The USD/CAD pair maintains its strength after recording moderate gains in the previous two consecutive sessions, trading around 1.3760 during Asian hours on Tuesday. The pair is showing limited movement as the US Dollar (USD) declines, as concerns about broader geopolitical escalation subside. Markets have largely ignored tensions between the US and Venezuela.
The United States launched a large-scale military strike against Venezuela on Saturday. US President Donald Trump said that Venezuelan President Nicolas Maduro and his wife were arrested and flown out of the country. Maduro on Monday pleaded not guilty to charges brought against him by the United States in a terrorism and drug case, paving the way for an unprecedented legal battle with major geopolitical implications, according to Bloomberg.
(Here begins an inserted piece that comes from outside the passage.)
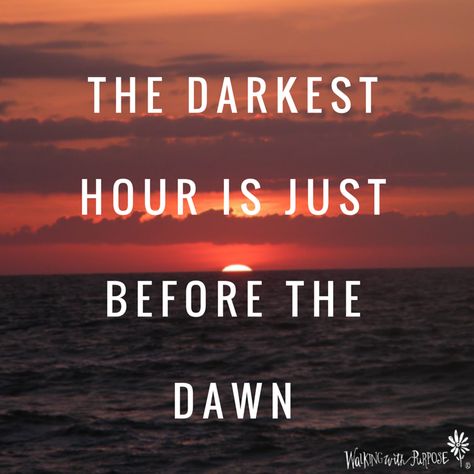 The darkest hour is just before the dawn Dawn Quotes, Sister Circle, Darkest Hour, Before The Dawn, Amazing Inspirational Quotes, The Dawn, Romantic Love Quotes, Speak The Truth, Inspirational Thoughts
The US ISM Manufacturing Purchasing Managers’ Index (PMI) fell for the third straight month, falling to 47.9 in December 2025, the lowest since October 2024, from 48.2 in November and below expectations of 48.3. The data indicates a faster contraction in manufacturing activity in the United States, driven by lower production and inventories. Meanwhile, the employment index rose to 44.9 from 44.0 in November, while the prices paid index, a measure of inflation, remained unchanged at 58.5.
Traders are awaiting a series of key US economic releases this week, including the Non-Farm Payrolls (NFP) report, for signals on the outlook for monetary policy. The consensus forecast is for nonfarm payrolls to rise by 55,000.
The commodity-linked Canadian dollar may come under pressure as expectations of renewed U.S. and corporate access to Venezuela’s vast crude oil reserves weigh on the outlook for demand for Canadian oil from its largest buyer.
In addition, speculation about future Venezuelan production and a muted initial price response have heightened concerns that a continued decline in oil prices would undermine a key pillar of Canada’s external earnings and support for the currency. Meanwhile, the global oil outlook through 2026 looks softer, with abundant supply and weak demand forecasts reducing the downside cushion for the Canadian dollar.
Frequently asked questions about the Canadian dollar
The main factors that move the Canadian dollar (CAD) are the level of interest rates set by the Bank of Canada (BoC), the price of oil, Canada’s largest export, the health of its economy, inflation and the trade balance, which is the difference between the value of Canada’s exports versus its imports. Other factors include market sentiment – whether investors are moving into riskier assets (risk on) or looking for safe havens (risk off) – with risk being positive for the Canadian dollar. As its largest trading partner, the health of the US economy is also a major factor affecting the Canadian dollar.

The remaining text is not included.